Issues: Request for entitlement to use of easement; Construction of easement language
Court: Michigan Court of Appeals (Unpublished)
Case Name: Collins v. Pasike
e-Journal Number: 10684
Judge(s): Per Curiam—Hood, Doctoroff, and Kelly

Since review of the plain language of the affidavit creating the easement revealed that plaintiff, the successive owner of parcel one, was not entitled to the use of the private road easement, the trial court erred in granting plaintiff's motion for summary disposition. Plaintiff filed the lawsuit seeking a determination that ingress and egress to the split of property she owned could be attained through the use of an easement created by the previous owner and developer. The language of the affidavit creating the easement expressly stated that it was required for "certain lots." Thus, the easement was intended to benefit some lots, not all, whose access for ingress and egress was needed and where utility maintenance was required.

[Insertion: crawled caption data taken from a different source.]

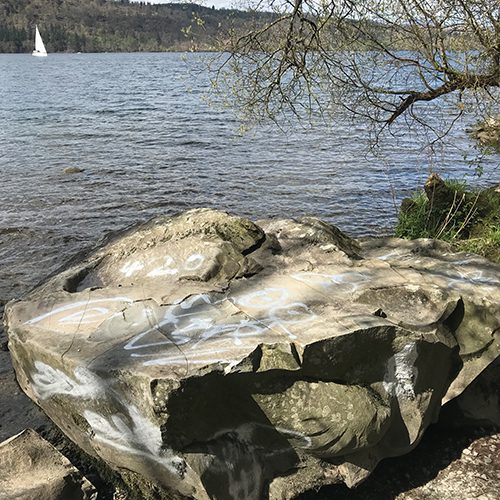 spray painted rock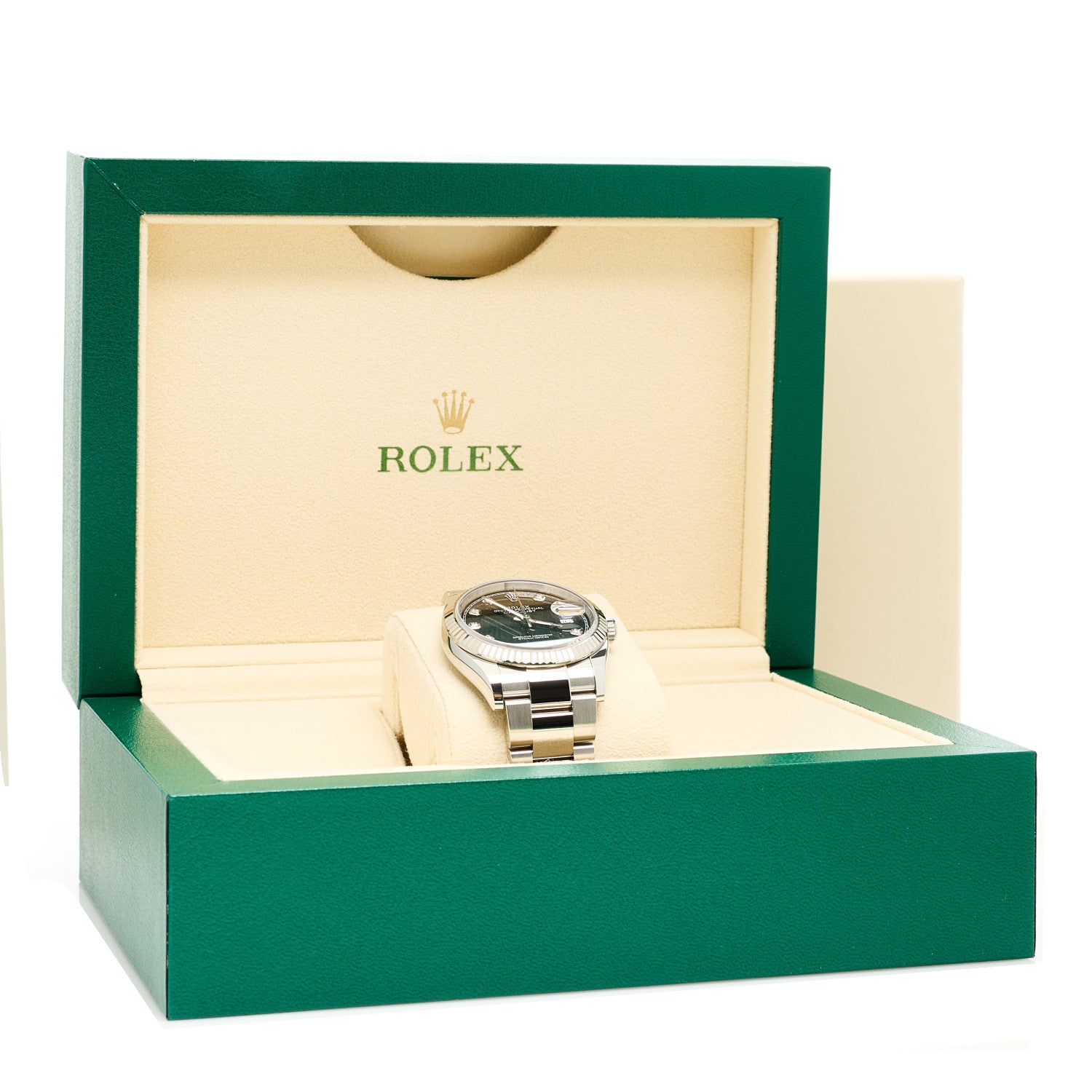 Rolex Stainless Steel 18K White Gold Diamond 36mm Oyster Perpetual Datejust Watch Black 126234 5 of 5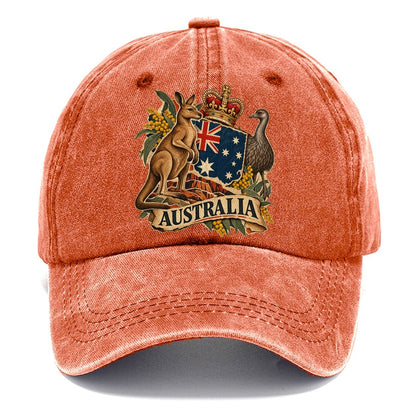 Australia Kangaroo and Emu Crest Classic Cap – Terracotta Clay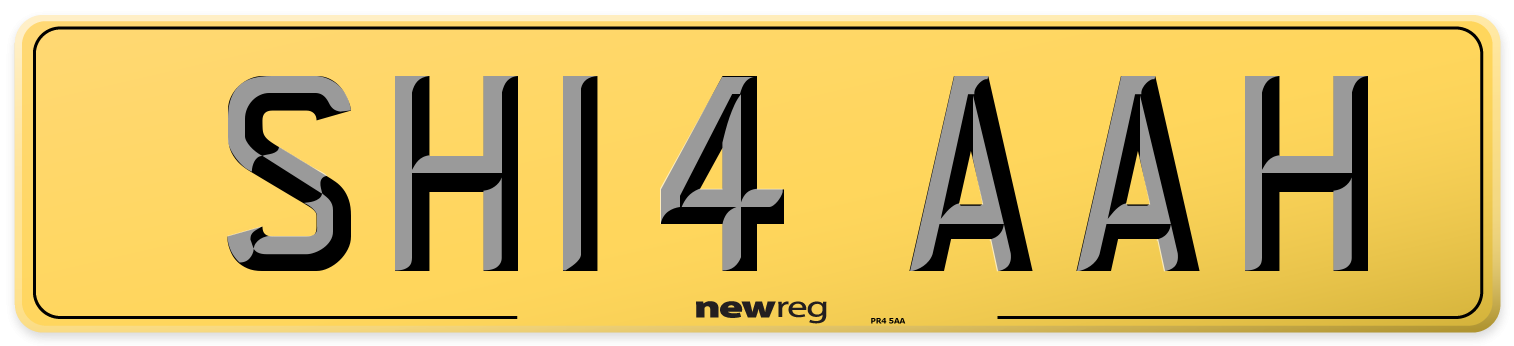 SH14 AAH Rear Number Plate
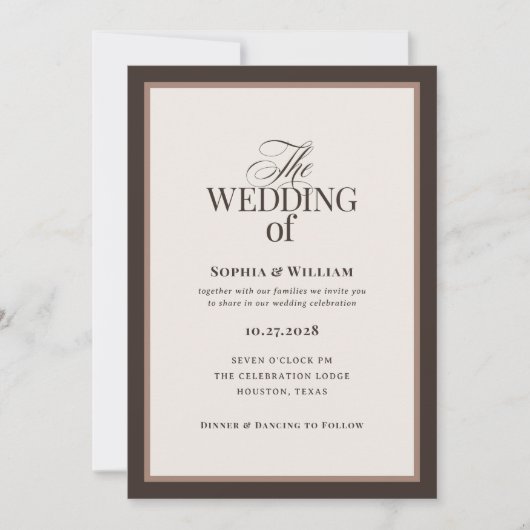 Invitation Classic Luxe | Brown Neutral Wedding (Devant)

Review of the evidence established that parcel one, now owned by plaintiff, did not need an easement for ingress or egress because access was provided by another road. There also was no evidence that an easement was necessary for utility maintenance. Plaintiff's requested use of the easement would have expanded the scope of the easement beyond the express grant or reservation. Reversed and remanded for entry of an order granting defendants' motion for summary disposition.

Full Text Opinion


This summary also appears under Litigation

Issues: Action to quiet title based on an arbitration award; McFerren v. B & B Inv Group
Court: Michigan Court of Appeals (Unpublished)
Case Name: Yatooma v. Yatooma
e-Journal Number: 10709
Judge(s): Memorandum—Bandstra, White, and Collins

The trial court improperly dismissed this action to quiet title based on an arbitration award. Arbitration was precluded because plaintiff's claim to the property was a claim to an estate in real estate. Although defendants asserted that plaintiff agreed to the terms of the arbitration award, the proceeding below was to enforce an arbitration award, not a settlement agreement. Reversed and remanded.